- **WHAT THE EXERCISE ASKS**:
Verbatim output, no pictures: the lines from the beginning of the material through the line with "Full body tattoo", both ends kept.

- **RECORDS FOR PROCESSING**:
=== Begin Enclosure ===
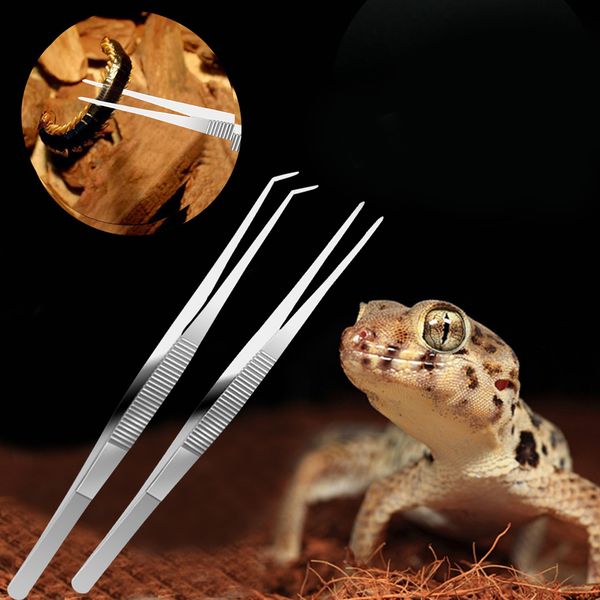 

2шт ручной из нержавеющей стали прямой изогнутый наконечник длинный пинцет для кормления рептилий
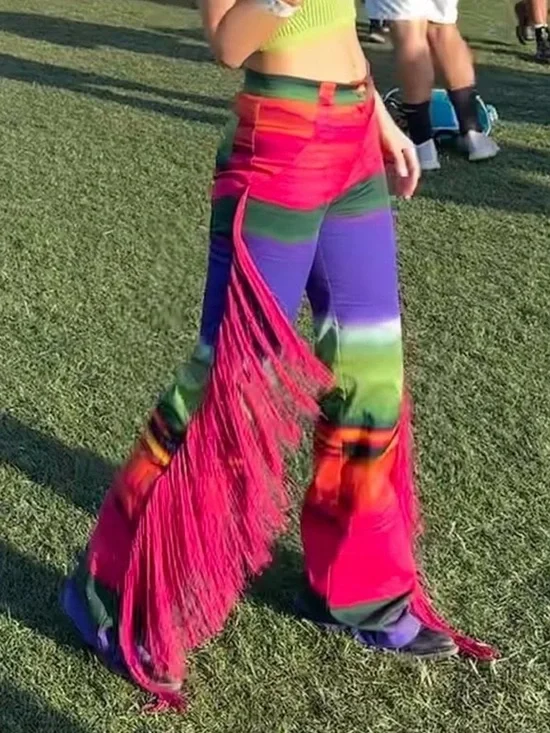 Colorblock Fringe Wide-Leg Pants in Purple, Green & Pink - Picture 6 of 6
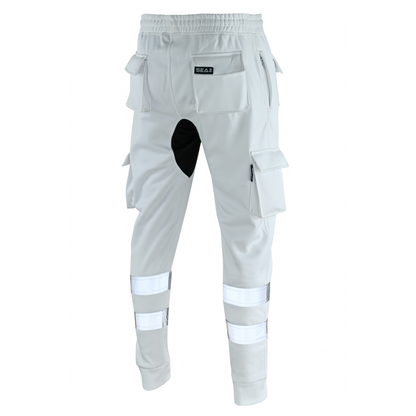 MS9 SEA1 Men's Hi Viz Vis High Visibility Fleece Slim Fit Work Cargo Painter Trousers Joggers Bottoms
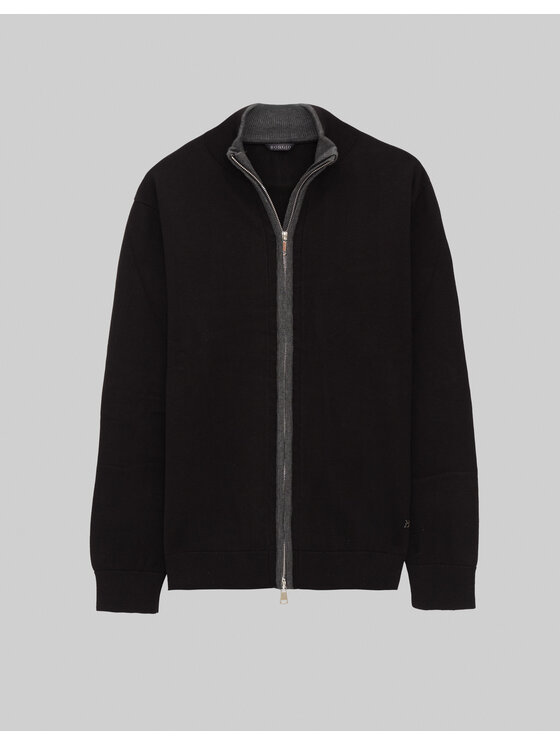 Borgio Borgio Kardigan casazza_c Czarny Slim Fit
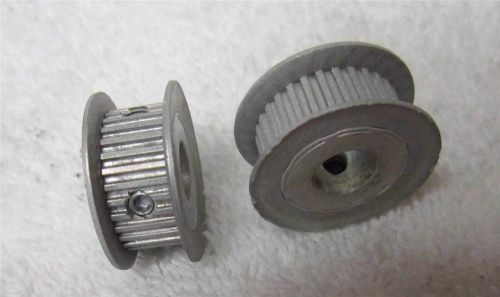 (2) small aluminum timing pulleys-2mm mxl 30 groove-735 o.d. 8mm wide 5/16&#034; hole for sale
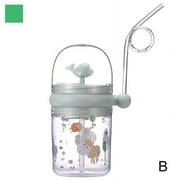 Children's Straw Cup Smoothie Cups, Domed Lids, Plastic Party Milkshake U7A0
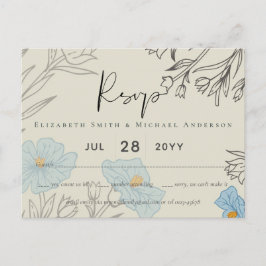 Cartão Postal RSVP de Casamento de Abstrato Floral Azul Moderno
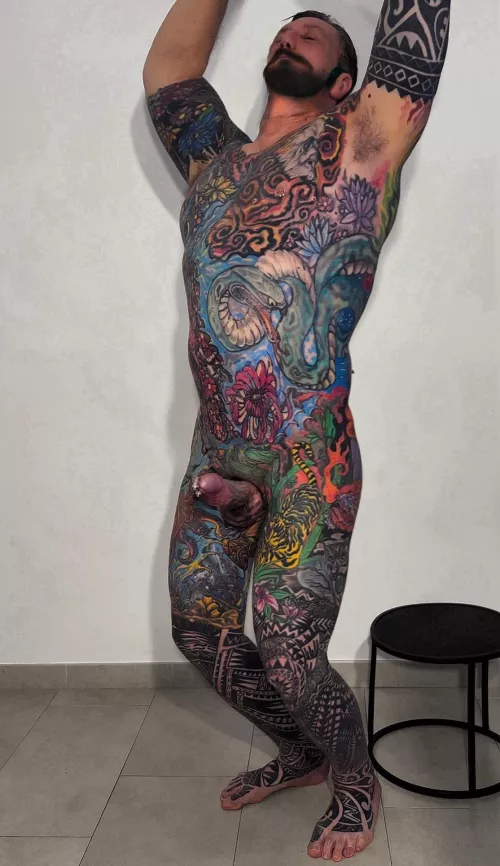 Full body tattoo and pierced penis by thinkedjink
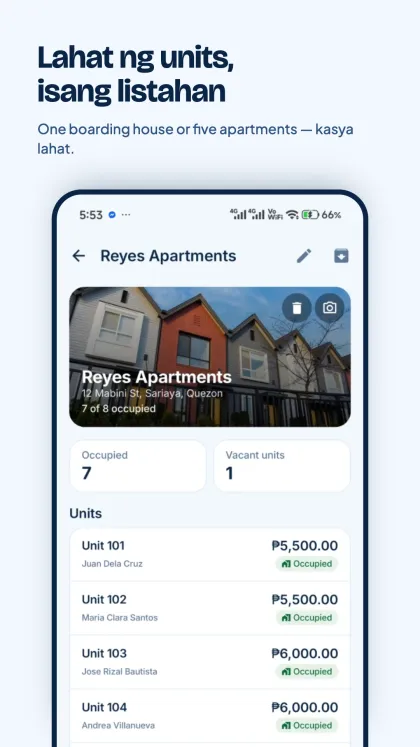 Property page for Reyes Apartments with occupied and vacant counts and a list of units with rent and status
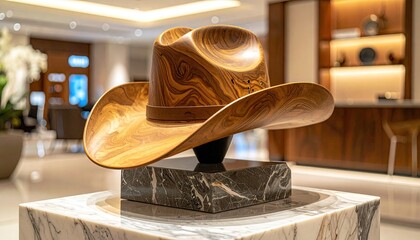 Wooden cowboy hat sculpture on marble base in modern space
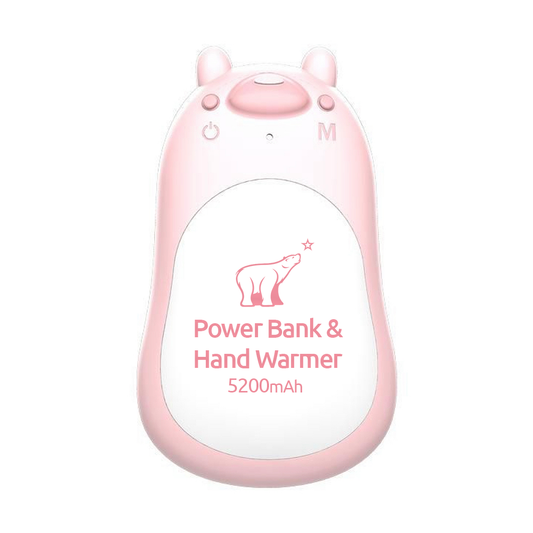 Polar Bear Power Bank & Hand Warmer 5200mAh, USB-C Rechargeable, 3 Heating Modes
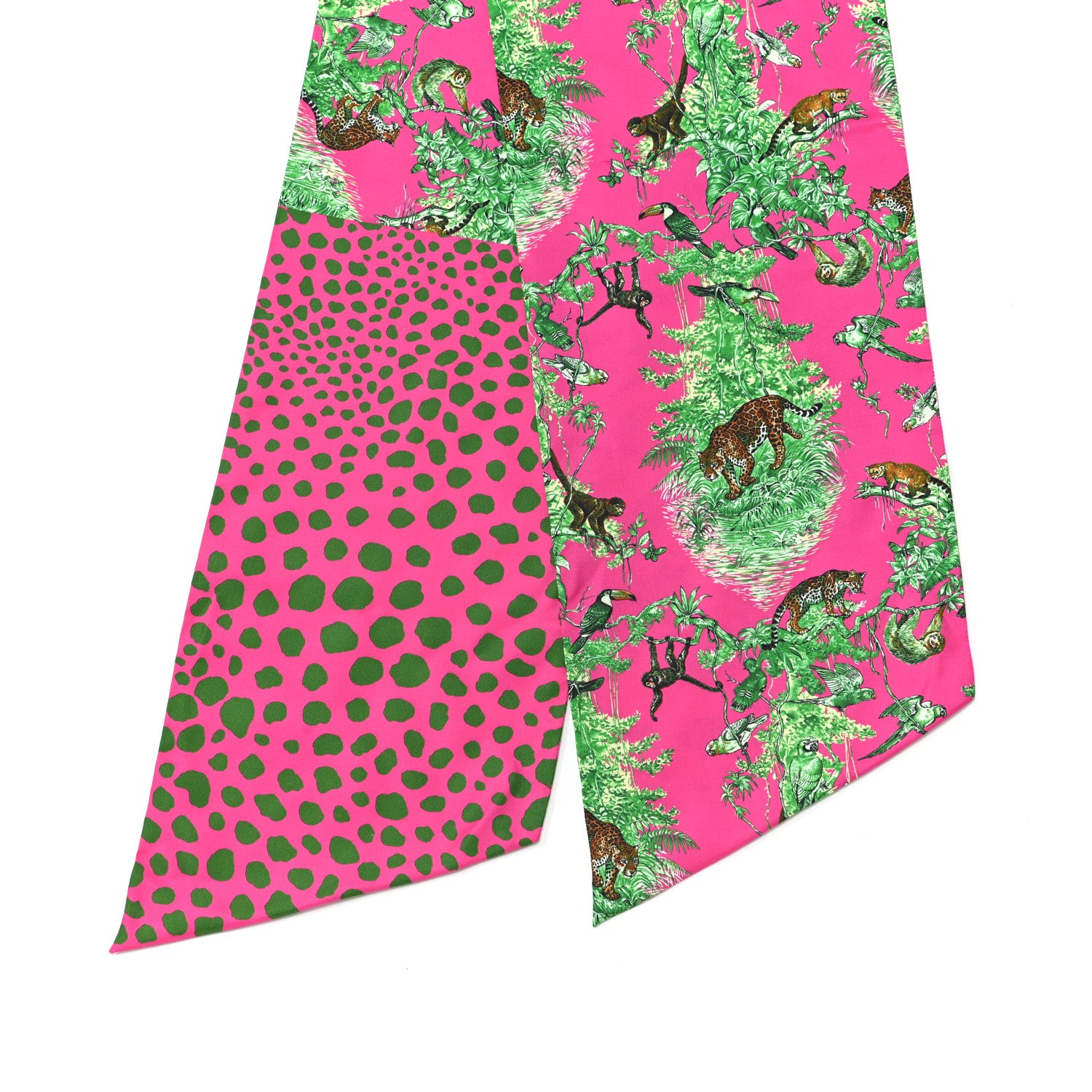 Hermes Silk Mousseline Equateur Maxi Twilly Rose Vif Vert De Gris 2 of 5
=== End Enclosure ===
- **RESPONSE**:
2шт ручной из нержавеющей стали прямой изогнутый наконечник длинный пинцет для кормления рептилий
 Colorblock Fringe Wide-Leg Pants in Purple, Green & Pink - Picture 6 of 6
 MS9 SEA1 Men's Hi Viz Vis High Visibility Fleece Slim Fit Work Cargo Painter Trousers Joggers Bottoms
 Borgio Borgio Kardigan casazza_c Czarny Slim Fit
 (2) small aluminum timing pulleys-2mm mxl 30 groove-735 o.d. 8mm wide 5/16&#034; hole for sale
 Children's Straw Cup Smoothie Cups, Domed Lids, Plastic Party Milkshake U7A0
 Cartão Postal RSVP de Casamento de Abstrato Floral Azul Moderno
 Full body tattoo and pierced penis by thinkedjink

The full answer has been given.